LC

Villanueva

Lee College is helping take the lead in bringing society back into some semblance of the old normal with its announcement to resume hands-on instruction.

A selected number of classes focused on industry and trade will return to campus starting Monday under social distancing guidelines and new safety standards. Classes will also be taught at the McNair Center and the Lee College Education Center in South Liberty County.

Lee College President Dr. Lynda Villanueva said the college followed the guidance of the Texas Association of Community Colleges and the Texas Higher Education Coordinating Board on Gov. Greg Abbott’s order. The remainder of the 2019-20 academic year will limit in-person instruction to career and technical education courses.

The school’s focus is to ensure students in the technical programs can safely complete the hands-on portion of the spring classes.

“We are taking a slow and deliberate approach to opening the campuses in phases,” she said. “We will move through these phases based on local, state and national orders and based on our specific college needs.

“For the immediate future, we are working on bringing very limited programs back beginning Monday, May 18. Faculty and students have been contacted, and we will adjust the next phases based on the information we gather. Our first

focus is to help students in our technical programs to safely complete the hands-on portion of spring classes.”

In terms of safety, students will need to arrive at classes with faces covered. Villanueva said all students and instructors will be required to wear coverings such as masks, bandanas, scarves or other similar type cloth as recommended by the CDC.

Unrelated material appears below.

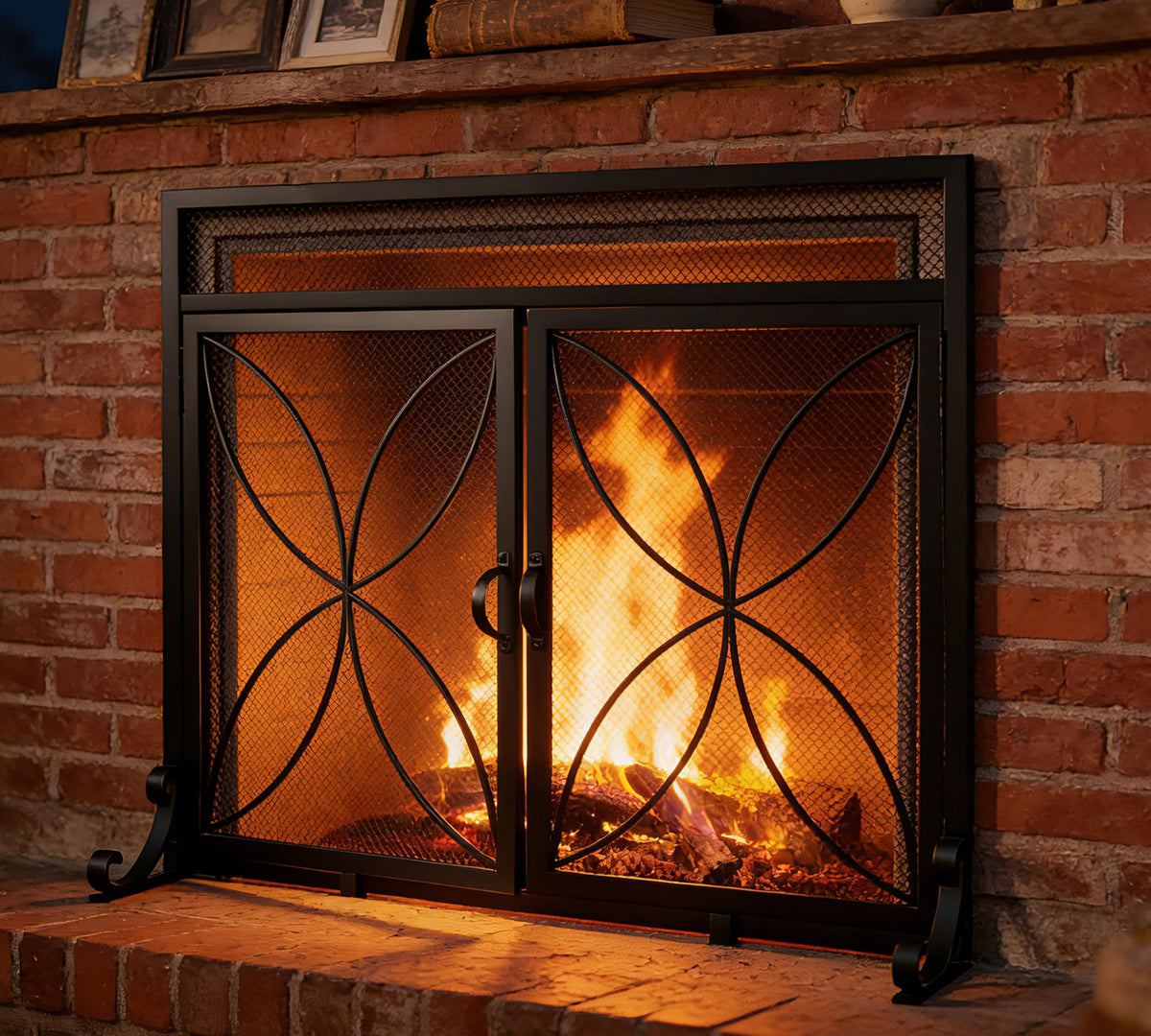 Magnetic Double Door Black Wrought Iron Fireplace Screen J78138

Classrooms, restrooms and all common areas in use will also be thoroughly sanitized on a regular basis. Equipment and special tools will also be sanitized after use and water fountains will not be in use.

 

The majority of classes during the summer will be remaining online. The technical classes have demands that led to in-person instruction.

 

“The Spring 2020 ‘paused’ courses are all technical classes that require hands-on instruction and labs to successfully complete the course,” she said. “A few examples include pipefitting, welding and process technology.”

 

Reopening in-person instruction will require more detail-oriented planning with the social distancing standards. Math skills might come in particularly handy trying to make everything fit.

 

“Class size will be determined by several factors including classroom square footage, number of desks or workspaces and classroom layout,” Villanueva said. “Spring classes resuming on May 18 will maintain the same number of total students enrolled in each course, however, if the number of students exceeds the room’s capacity based on social distancing guidelines, then the students will be split between two classrooms.”

 

With in-person instruction taking place on campus starting Monday, the question looking ahead is what is next? The fall semester is only months away, spring commencement ceremonies were moved to December and the immediate future still looks uncertain as virus numbers continue to mount.

 

 “Lee College is committed to being a safe and healthy place to learn and work,” Villanueva said. “Accordingly, we have taken a measured, data-informed approach to scheduling for the fall semester. The fall schedule has a mix of online, hybrid and face-to-face classes. As part of our safety through social distancing strategy, most classes are in the online and hybrid format with face-to-face offerings being mostly limited to the Career and Technical Education fields of study.”

 

To help facilitate the online format, Lee College will introduce Lee Stream, Villanueva said.

 

“In Lee Stream, students will meet with their instructors and classmates remotely on scheduled days and times as if they were meeting face-to-face,” she said. “This method will offer the safety of social distancing while also providing the person-to-person contact many students enjoy.”

 

Villanueva said it is the college’s hope to offer increased face-to-face instruction in spring 2021.